Trump Seeks Do-Overs at a Supreme Court That Rarely Grants Them
Trump seeks do overs at a Supreme – President Donald Trump has taken a proactive stance in requesting rehearings for recent Supreme Court decisions, particularly those that could impact his political and legal standing. His legal team has been exploring avenues to challenge rulings that have already been finalized, a strategy that has historically yielded limited success. One notable case involves a $5 million judgment against Trump for alleged sexual misconduct and defamation claims by E. Jean Carroll, a prominent magazine columnist. This effort underscores Trump’s broader campaign to overturn judicial decisions, even when they appear well-founded.
The Birthright Citizenship Executive Order and Its Legal Battle
Recently, Trump announced his intention to seek a rehearing of the Supreme Court’s decision to block his executive order aimed at ending birthright citizenship for children born to undocumented immigrants. The order, which Trump argued would align with the 14th Amendment’s original intent, was struck down in a 6-3 vote on June 30. In his statement, Trump emphasized the injustice of the ruling, vowing to push for a reversal through the court’s process. “This decision undermines the principles of fairness and justice,” he tweeted, highlighting his belief that the justices have overlooked critical aspects of the policy’s legality.
“The Supreme Court rarely grants rehearings unless new, essential evidence emerges after a ruling,” noted Daniel Epps, a legal scholar at Washington University. “A party can only succeed if they present something critical that the justices overlooked initially.”
This perspective is echoed by legal experts, who stress that rehearings are typically reserved for cases where new information or arguments significantly alter the legal landscape. Trump’s team is now tasked with identifying such evidence to justify their request, a challenge that has proven difficult in recent decades.
Historical Precedents for Supreme Court Rehearings
Rehearings at the U.S. Supreme Court have been a rare occurrence in modern legal history. Since 1965, the court has granted rehearings only once, in the landmark case Maryland v. US. This case revolved around a 1958 aviation accident where a Maryland National Guard plane collided with a commercial aircraft, leading to a reexamination of liability beyond the pilot’s actions. The court’s decision to allow a rehearing in that instance set a precedent for when new evidence or arguments can shift the judicial outcome.

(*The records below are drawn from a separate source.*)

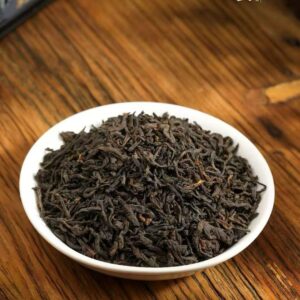 2006 vintage ancient tree liu bao tea (golden grade)
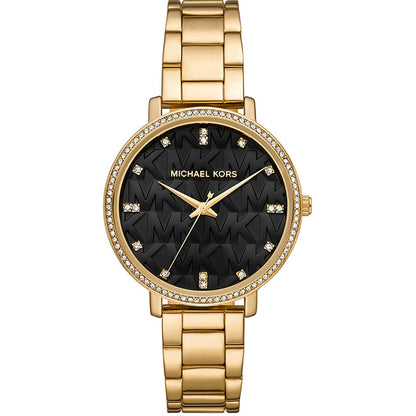 Michael Kors Women's Pyper Bids.com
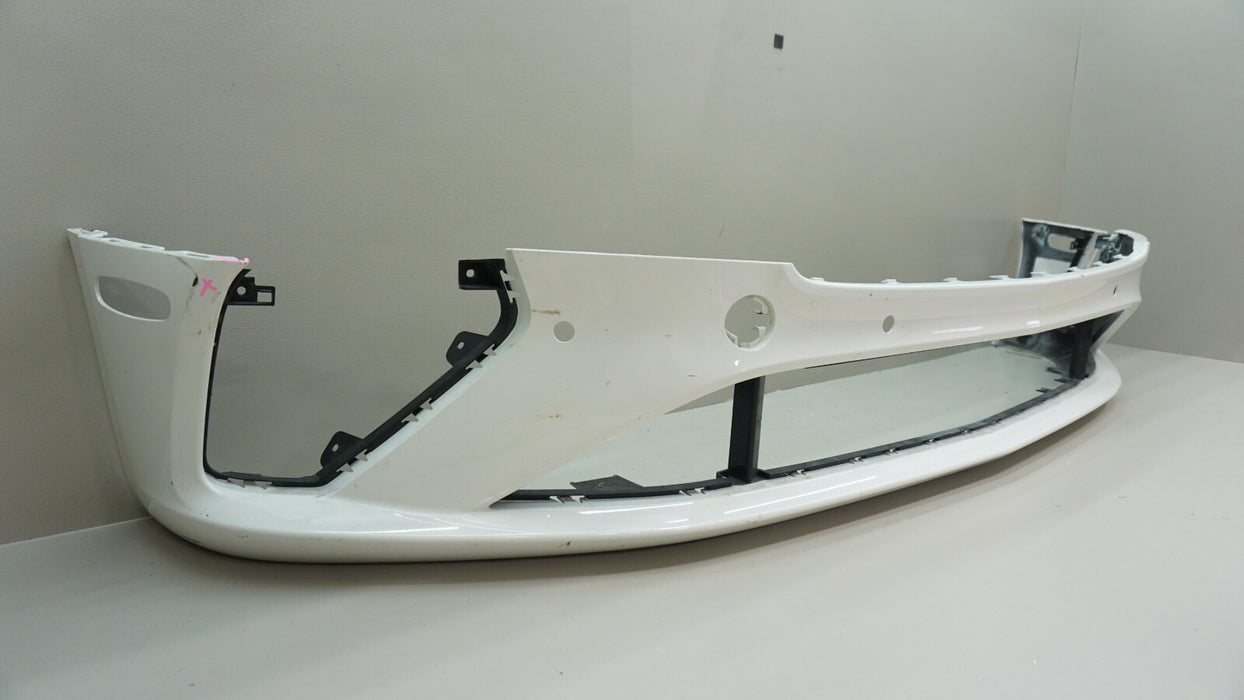 2019 2020 2021 BENTLEY CONTINENTAL GT FRONT BUMPER COVER OEM 19-21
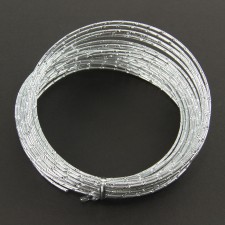 12GAUGE ALUM.DMND WIRE 39' A4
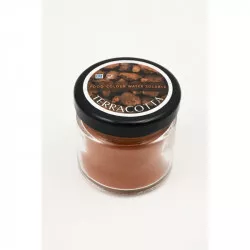 Rozpustné barvivo Terracotta 10g - Ja latarte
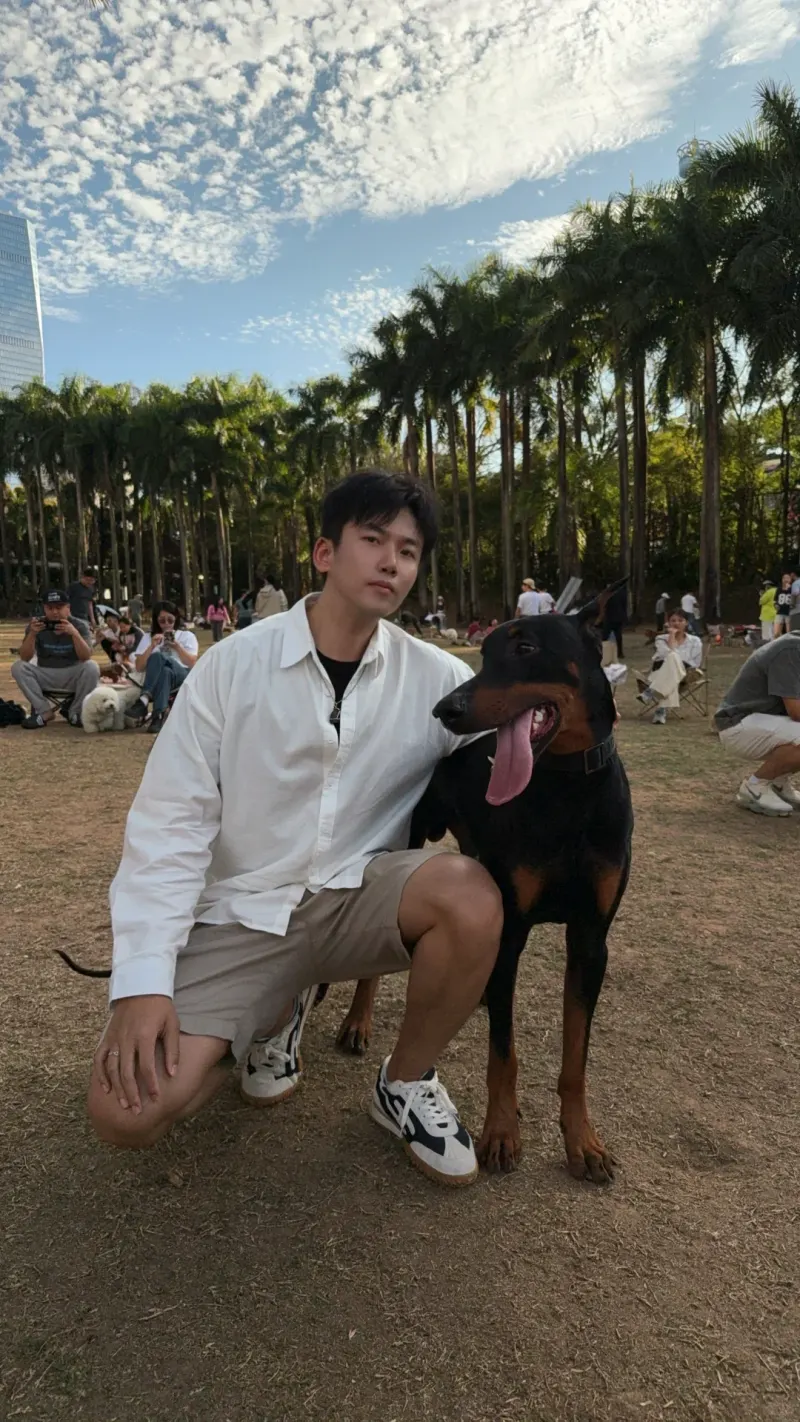华侨城生态广场的地点照片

Another notable example of a rehearing occurred nearly a decade earlier, when the justices reevaluated a case involving military wives accused of killing their husbands. The court initially ruled against them but later reversed its decision after additional evidence was presented. These rare instances highlight the stringent criteria required to convince the Supreme Court to revisit a case, a hurdle that Trump’s legal team faces in their current efforts.
“Reconsideration is uncommon unless the justices miss key facts,” explained Michael Dorf, a constitutional law professor at Cornell Law School. “Most often, it’s triggered by new information, not just disagreement with the outcome.”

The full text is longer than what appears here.